Russia launched massive strikes on cities across Ukraine early on Thursday, killing civilians and cutting power supply to Europes biggest nuclear plants, according to news reports.
Russia launched massive strikes on cities across Ukraine early on Thursday, killing civilians and cutting power supply to Europe’s biggest nuclear plants, according to news reports.PAP/EPA/Oleg Petrasyuk

The attack began in the early hours of Thursday morning, Polish state news agency PAP reported. 

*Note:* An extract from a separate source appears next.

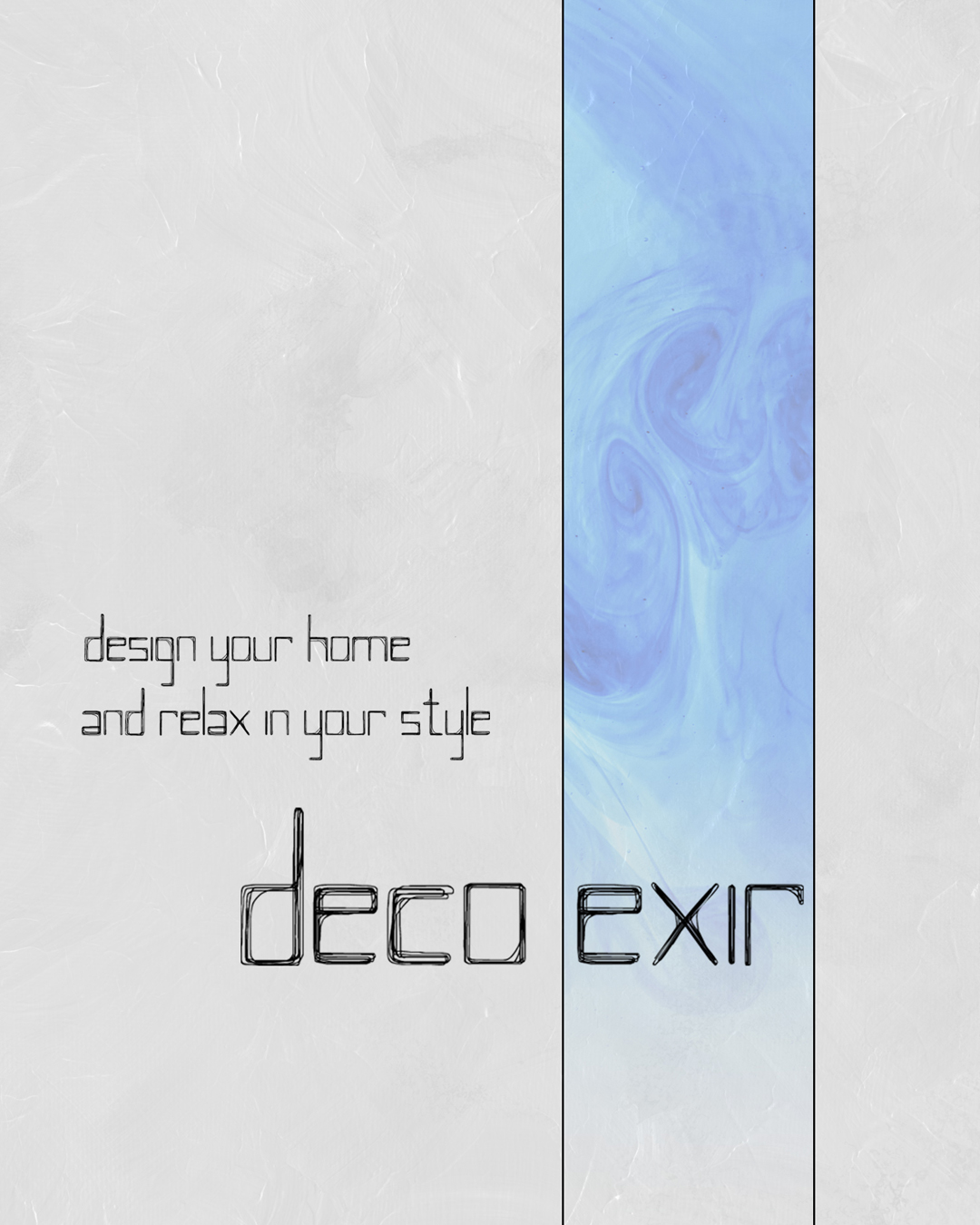 Deco Exir artwork 4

Russian missiles struck the capital Kyiv, the second-largest city Kharkiv in the northeast and the Black Sea port of Odesa in the southwest, among other cities, according to officials. 

The strikes knocked out power supply to several areas, and the targets included the cities of Zhytomyr and Vynnytsia in the west as well as Dnipro and Poltava in central Ukraine, Britain’s The Guardian newspaper reported.   

Meanwhile, the Russian-controlled Zaporizhzhia nuclear power plant in southeastern Ukraine, Europe’s biggest, had to rely on back-up generators after Russian missiles damaged Ukrainian infrastructure that had been delivering electricity to the facility, the Reuters news agency reported, citing Ukraine’s state power company Energoatom. 

In all, Russia fired 81 missiles at targets in Ukraine during Thursday’s barrage, according to news outlets.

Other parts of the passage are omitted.